* EXERCISE INSTRUCTIONS *
Only the text of the records below belongs in the answer, copied exactly, with pictures omitted.

Entries taken from a collection:
Content starts

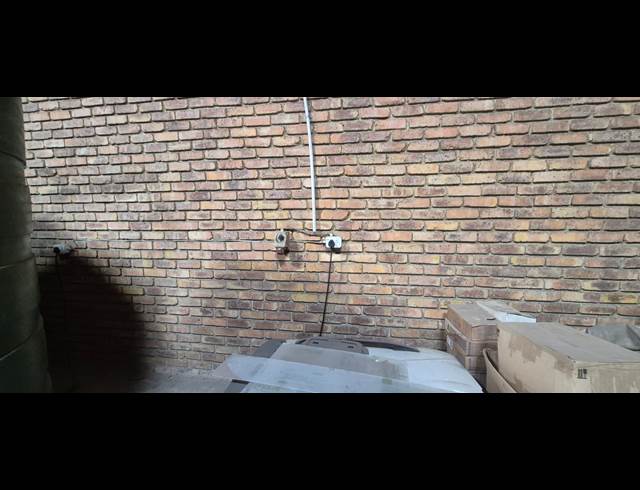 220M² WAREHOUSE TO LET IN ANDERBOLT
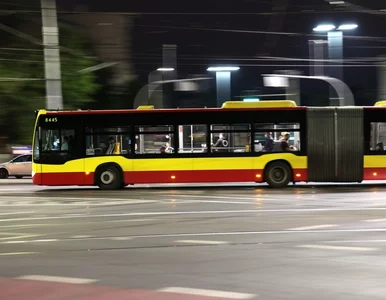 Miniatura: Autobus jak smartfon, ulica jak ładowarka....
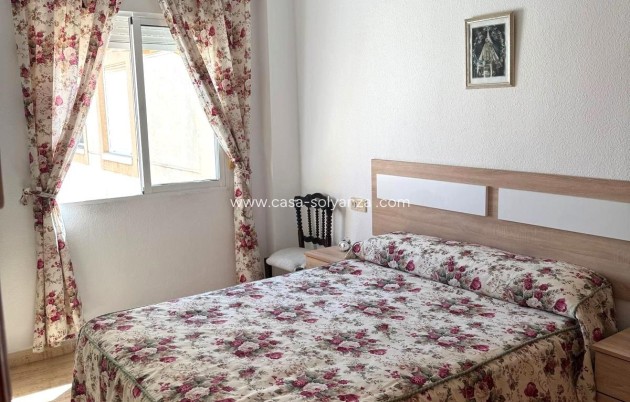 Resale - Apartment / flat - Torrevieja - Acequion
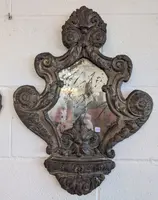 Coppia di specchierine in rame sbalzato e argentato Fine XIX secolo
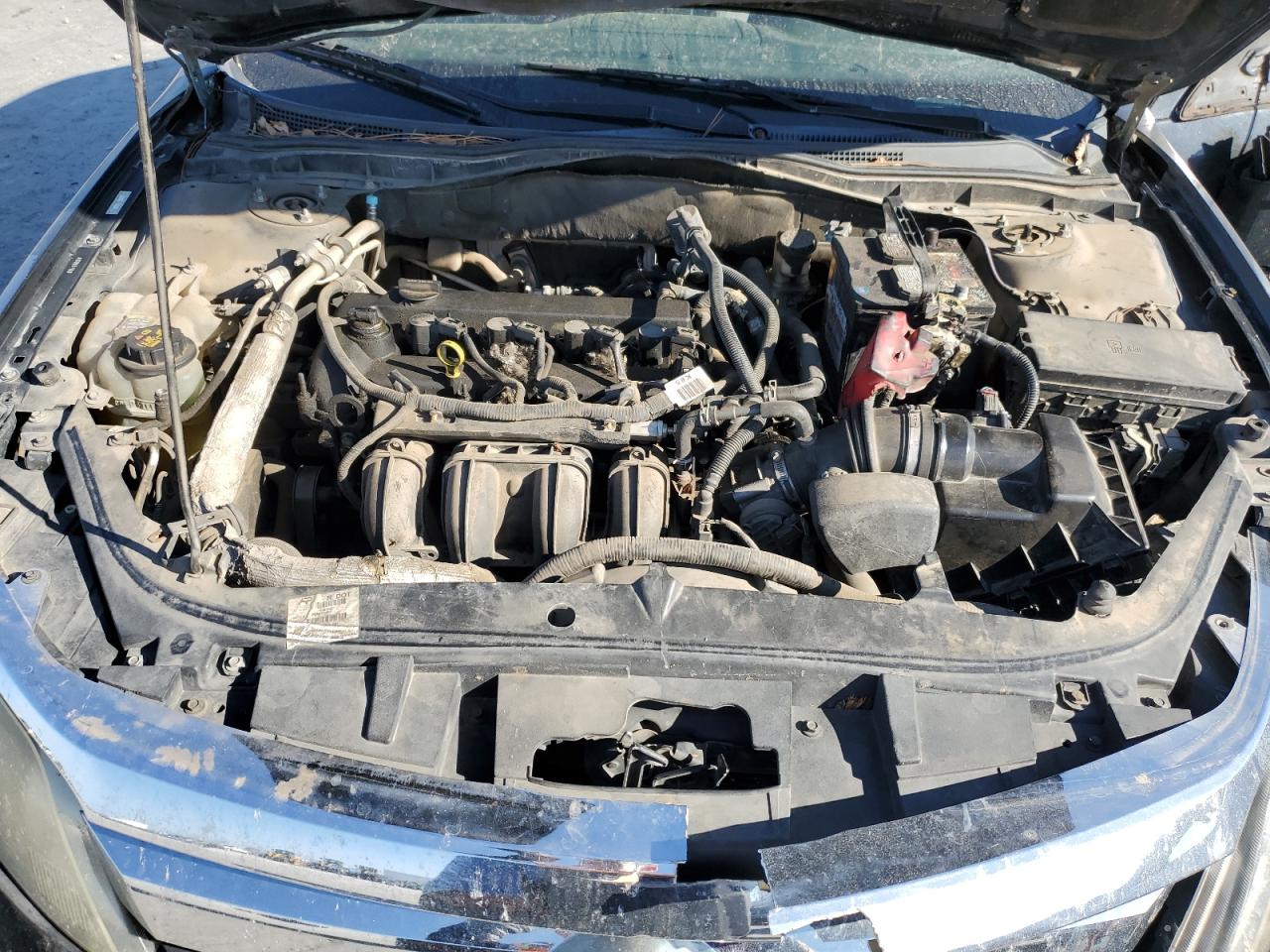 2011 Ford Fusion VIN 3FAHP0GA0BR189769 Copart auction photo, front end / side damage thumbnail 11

Content ends

* TASK SOLUTION *
 220M² WAREHOUSE TO LET IN ANDERBOLT
 Miniatura: Autobus jak smartfon, ulica jak ładowarka....
 Resale - Apartment / flat - Torrevieja - Acequion
 Coppia di specchierine in rame sbalzato e argentato Fine XIX secolo
 2011 Ford Fusion VIN 3FAHP0GA0BR189769 Copart auction photo, front end / side damage thumbnail 11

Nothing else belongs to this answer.